### WHAT THE TASK REQUIRES
In the data below, locate the line containing "un couple se dispute assis sur le canapé" and the line containing "a kitchen with", then retype both and everything between them exactly. Pictures are not part of the copy.

### INFORMATION
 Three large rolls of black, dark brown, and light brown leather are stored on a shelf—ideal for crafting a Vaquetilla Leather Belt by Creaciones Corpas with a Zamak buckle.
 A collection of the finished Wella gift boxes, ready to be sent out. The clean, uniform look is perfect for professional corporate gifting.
* * *
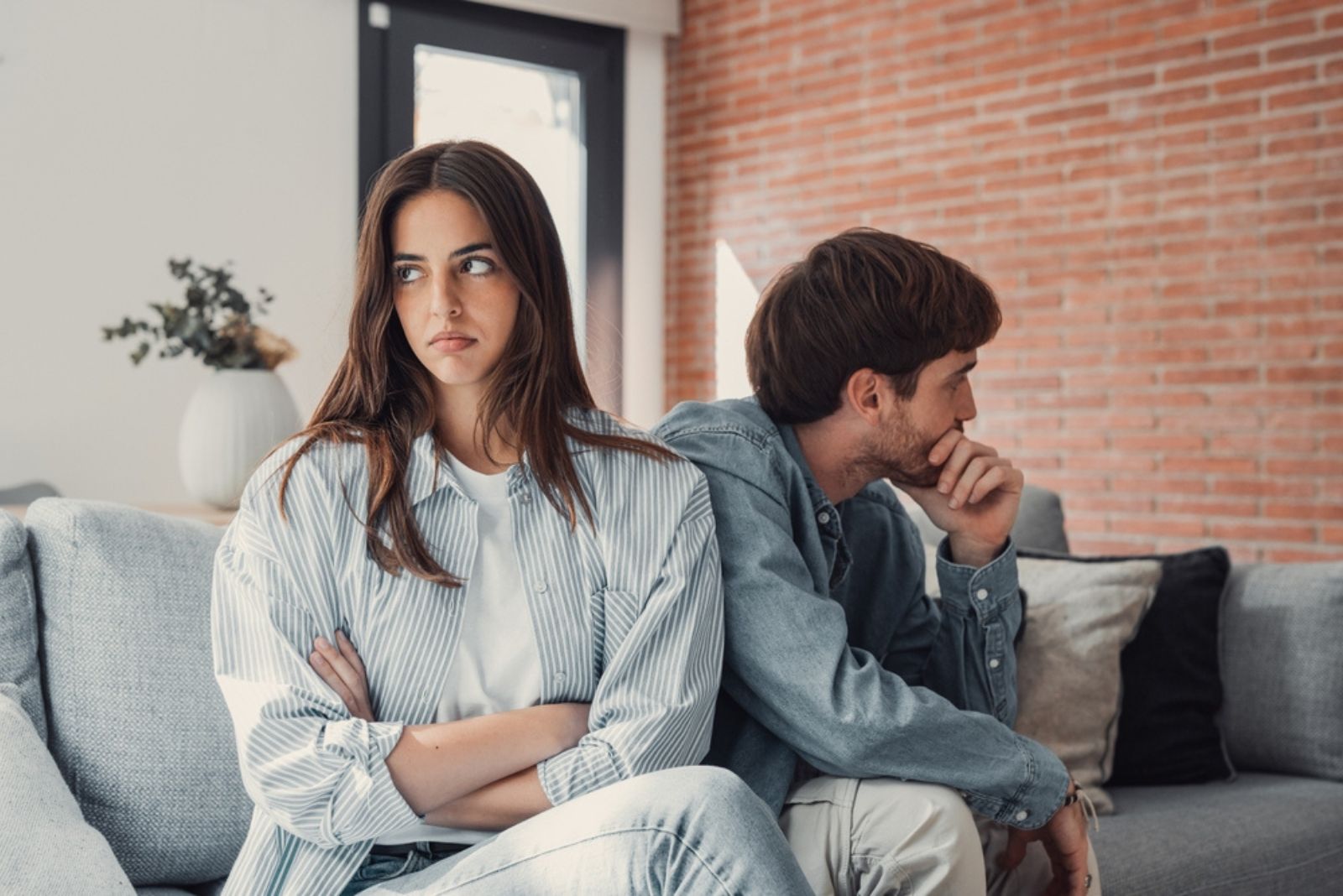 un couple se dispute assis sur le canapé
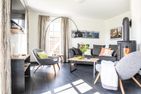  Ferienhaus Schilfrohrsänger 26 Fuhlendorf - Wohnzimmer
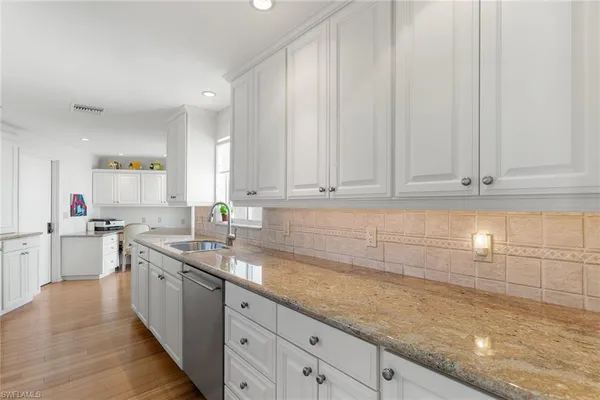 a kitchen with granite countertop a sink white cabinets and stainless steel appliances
==
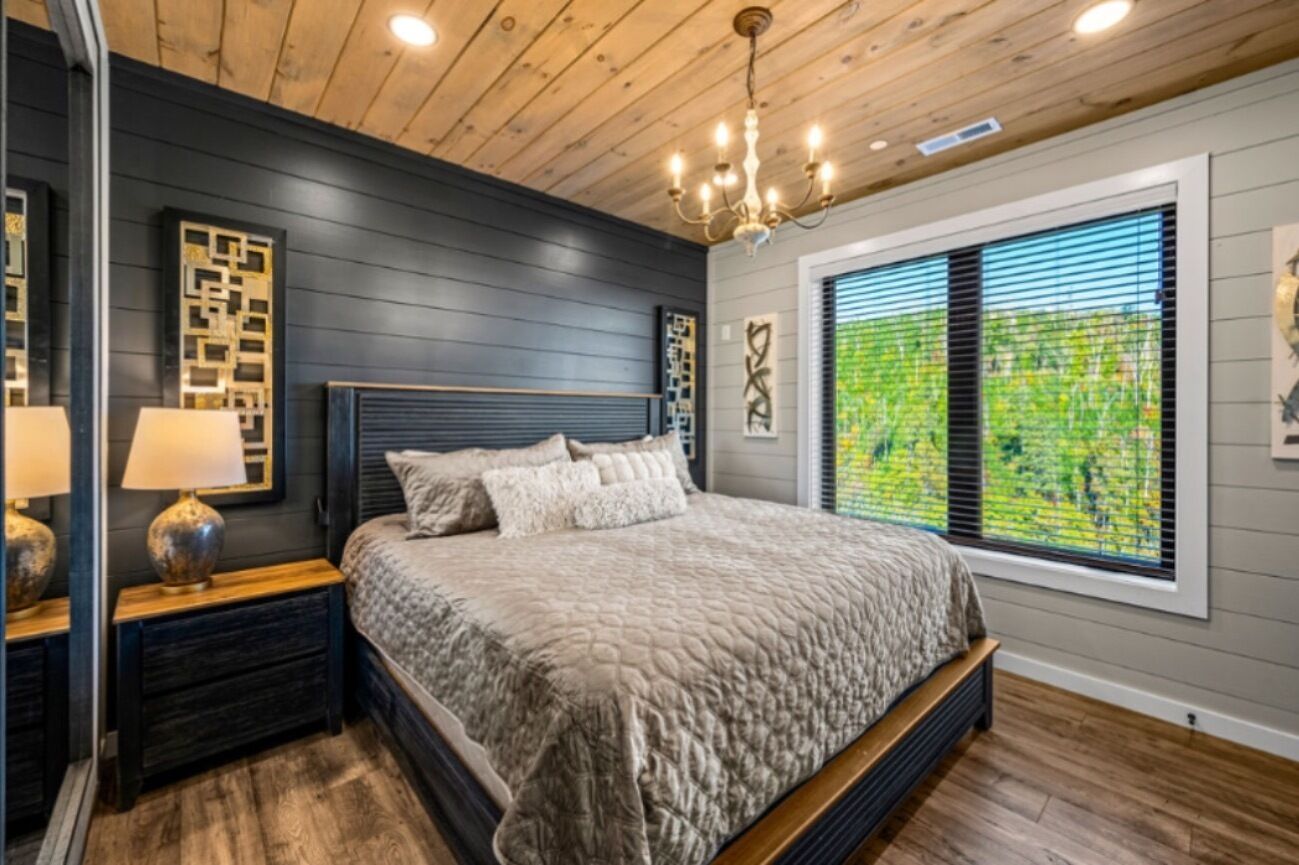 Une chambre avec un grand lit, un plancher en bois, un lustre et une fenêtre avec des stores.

### THE COMPLETED TASK
 un couple se dispute assis sur le canapé
  Ferienhaus Schilfrohrsänger 26 Fuhlendorf - Wohnzimmer
 a kitchen with granite countertop a sink white cabinets and stainless steel appliances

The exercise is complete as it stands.